** Opening Data block **

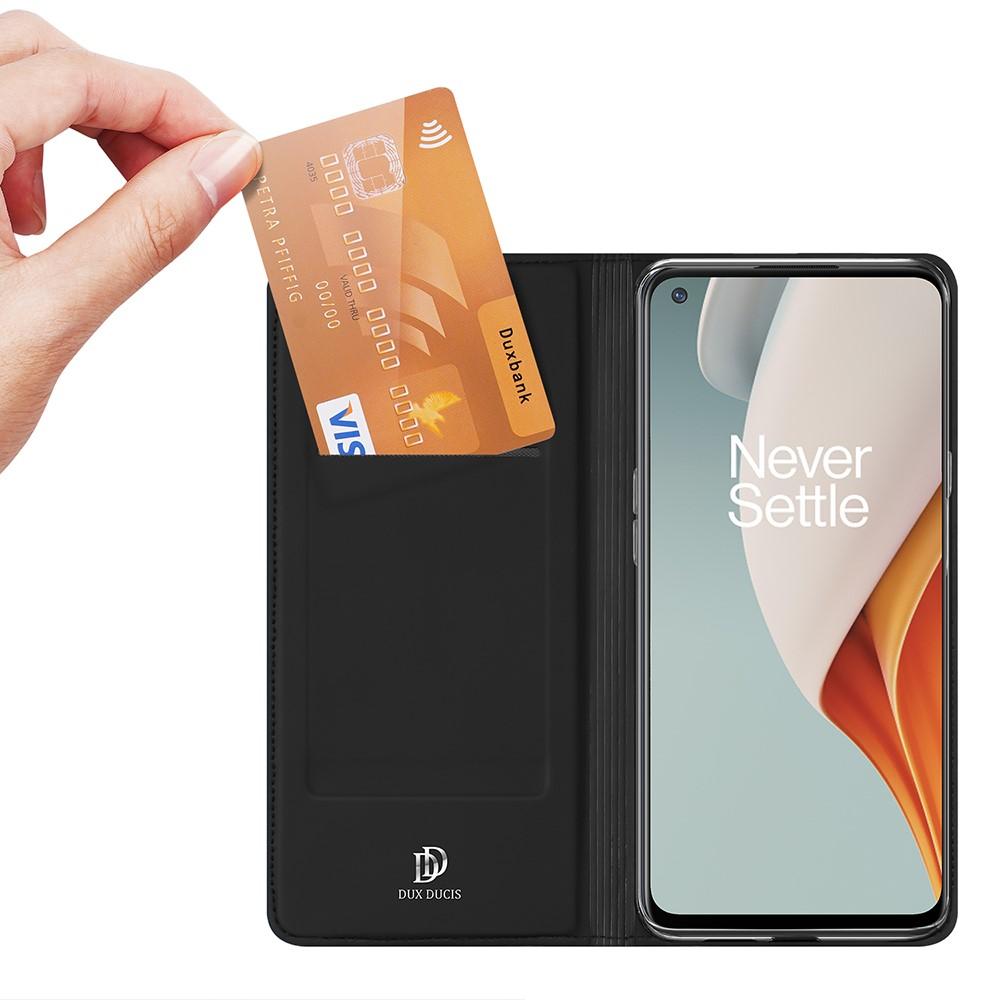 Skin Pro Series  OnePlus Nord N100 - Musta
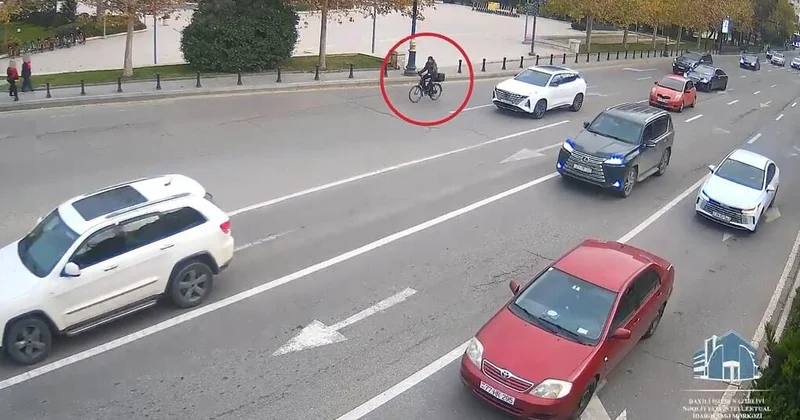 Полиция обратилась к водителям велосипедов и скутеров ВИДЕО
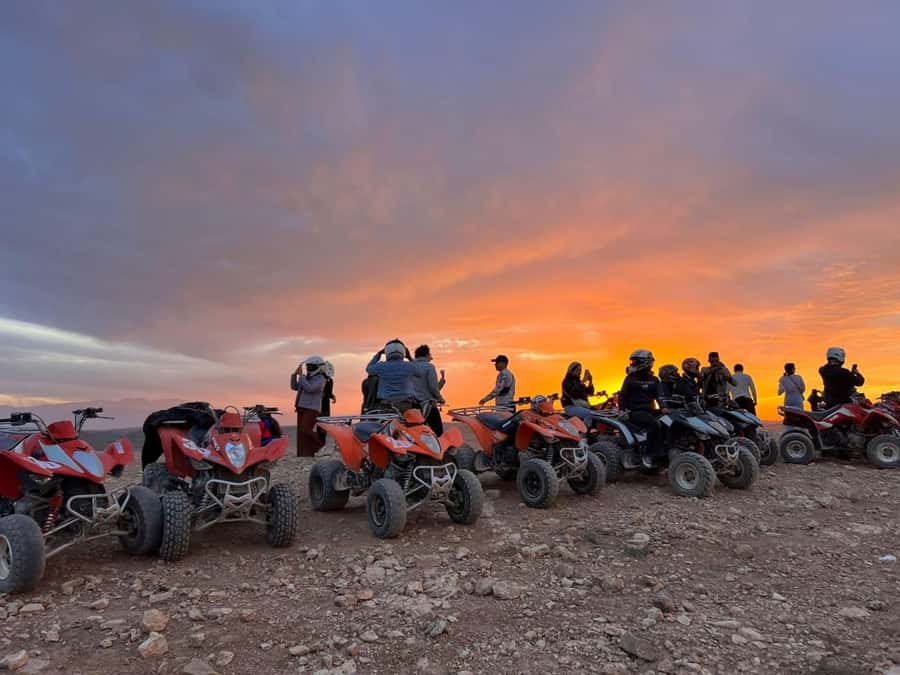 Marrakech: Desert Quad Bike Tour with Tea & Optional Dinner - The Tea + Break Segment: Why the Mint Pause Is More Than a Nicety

** Closing Data block **

Give back each line above verbatim, dropping every picture.

— Answer space —
 Skin Pro Series  OnePlus Nord N100 - Musta
 Полиция обратилась к водителям велосипедов и скутеров ВИДЕО
 Marrakech: Desert Quad Bike Tour with Tea & Optional Dinner - The Tea + Break Segment: Why the Mint Pause Is More Than a Nicety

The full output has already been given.